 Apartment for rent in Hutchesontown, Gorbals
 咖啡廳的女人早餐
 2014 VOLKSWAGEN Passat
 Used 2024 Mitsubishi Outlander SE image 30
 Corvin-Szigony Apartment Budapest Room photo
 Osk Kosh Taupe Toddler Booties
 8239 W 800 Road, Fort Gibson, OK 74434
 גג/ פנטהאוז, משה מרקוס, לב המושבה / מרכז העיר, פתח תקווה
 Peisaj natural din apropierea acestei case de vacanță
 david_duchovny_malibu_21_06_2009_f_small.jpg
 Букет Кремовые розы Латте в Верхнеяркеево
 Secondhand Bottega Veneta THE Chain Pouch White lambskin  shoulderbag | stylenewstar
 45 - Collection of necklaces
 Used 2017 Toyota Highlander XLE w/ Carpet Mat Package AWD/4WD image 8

....

### What you are asked to do:
In the data above, find each line that has the word "Apartment" and copy it out.

### Answer for this exercise:
 Apartment for rent in Hutchesontown, Gorbals
 Corvin-Szigony Apartment Budapest Room photo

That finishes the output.